• **YOUR TASK**
Every entry that appears below is to be output exactly.

• **DATA**

=== Section Start ===

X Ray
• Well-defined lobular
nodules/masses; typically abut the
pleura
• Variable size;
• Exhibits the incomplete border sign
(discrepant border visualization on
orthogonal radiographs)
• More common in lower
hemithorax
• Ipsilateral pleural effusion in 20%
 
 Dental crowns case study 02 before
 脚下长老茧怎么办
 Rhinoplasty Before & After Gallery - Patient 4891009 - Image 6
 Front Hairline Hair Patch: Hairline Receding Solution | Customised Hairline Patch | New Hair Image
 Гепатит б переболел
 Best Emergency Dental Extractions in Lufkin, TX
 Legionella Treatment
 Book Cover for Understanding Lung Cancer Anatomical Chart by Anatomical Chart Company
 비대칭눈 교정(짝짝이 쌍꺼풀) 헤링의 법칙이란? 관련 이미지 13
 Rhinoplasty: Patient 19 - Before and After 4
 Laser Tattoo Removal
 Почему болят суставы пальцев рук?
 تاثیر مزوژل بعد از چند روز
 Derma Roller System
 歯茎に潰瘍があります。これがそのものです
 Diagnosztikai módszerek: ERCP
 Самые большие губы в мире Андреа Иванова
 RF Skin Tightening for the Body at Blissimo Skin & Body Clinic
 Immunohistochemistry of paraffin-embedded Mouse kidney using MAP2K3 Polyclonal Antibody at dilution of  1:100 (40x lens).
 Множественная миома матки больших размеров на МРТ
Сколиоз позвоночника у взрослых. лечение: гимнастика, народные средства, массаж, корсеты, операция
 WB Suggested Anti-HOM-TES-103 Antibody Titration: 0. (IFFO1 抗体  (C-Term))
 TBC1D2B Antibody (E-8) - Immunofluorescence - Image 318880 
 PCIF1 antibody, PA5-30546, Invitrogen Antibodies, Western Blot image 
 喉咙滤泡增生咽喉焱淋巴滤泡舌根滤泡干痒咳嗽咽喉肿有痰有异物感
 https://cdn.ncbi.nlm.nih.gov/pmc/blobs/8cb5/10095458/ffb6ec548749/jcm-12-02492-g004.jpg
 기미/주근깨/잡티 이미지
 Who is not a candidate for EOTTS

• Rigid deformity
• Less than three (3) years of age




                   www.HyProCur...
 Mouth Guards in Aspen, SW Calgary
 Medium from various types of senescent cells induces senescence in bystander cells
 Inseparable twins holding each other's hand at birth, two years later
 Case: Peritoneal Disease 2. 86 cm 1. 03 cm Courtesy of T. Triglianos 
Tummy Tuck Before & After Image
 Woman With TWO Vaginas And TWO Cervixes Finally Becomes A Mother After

=== Section End ===

• **EXPECTED ANSWER**
X Ray
• Well-defined lobular
nodules/masses; typically abut the
pleura
• Variable size;
• Exhibits the incomplete border sign
(discrepant border visualization on
orthogonal radiographs)
• More common in lower
hemithorax
• Ipsilateral pleural effusion in 20%
 
 Dental crowns case study 02 before
 脚下长老茧怎么办
 Rhinoplasty Before & After Gallery - Patient 4891009 - Image 6
 Front Hairline Hair Patch: Hairline Receding Solution | Customised Hairline Patch | New Hair Image
 Гепатит б переболел
 Best Emergency Dental Extractions in Lufkin, TX
 Legionella Treatment
 Book Cover for Understanding Lung Cancer Anatomical Chart by Anatomical Chart Company
 비대칭눈 교정(짝짝이 쌍꺼풀) 헤링의 법칙이란? 관련 이미지 13
 Rhinoplasty: Patient 19 - Before and After 4
 Laser Tattoo Removal
 Почему болят суставы пальцев рук?
 تاثیر مزوژل بعد از چند روز
 Derma Roller System
 歯茎に潰瘍があります。これがそのものです
 Diagnosztikai módszerek: ERCP
 Самые большие губы в мире Андреа Иванова
 RF Skin Tightening for the Body at Blissimo Skin & Body Clinic
 Immunohistochemistry of paraffin-embedded Mouse kidney using MAP2K3 Polyclonal Antibody at dilution of  1:100 (40x lens).
 Множественная миома матки больших размеров на МРТ
Сколиоз позвоночника у взрослых. лечение: гимнастика, народные средства, массаж, корсеты, операция
 WB Suggested Anti-HOM-TES-103 Antibody Titration: 0. (IFFO1 抗体  (C-Term))
 TBC1D2B Antibody (E-8) - Immunofluorescence - Image 318880 
 PCIF1 antibody, PA5-30546, Invitrogen Antibodies, Western Blot image 
 喉咙滤泡增生咽喉焱淋巴滤泡舌根滤泡干痒咳嗽咽喉肿有痰有异物感
 https://cdn.ncbi.nlm.nih.gov/pmc/blobs/8cb5/10095458/ffb6ec548749/jcm-12-02492-g004.jpg
 기미/주근깨/잡티 이미지
 Who is not a candidate for EOTTS

• Rigid deformity
• Less than three (3) years of age




                   www.HyProCur...
 Mouth Guards in Aspen, SW Calgary
 Medium from various types of senescent cells induces senescence in bystander cells
 Inseparable twins holding each other's hand at birth, two years later
 Case: Peritoneal Disease 2. 86 cm 1. 03 cm Courtesy of T. Triglianos 
Tummy Tuck Before & After Image
 Woman With TWO Vaginas And TWO Cervixes Finally Becomes A Mother After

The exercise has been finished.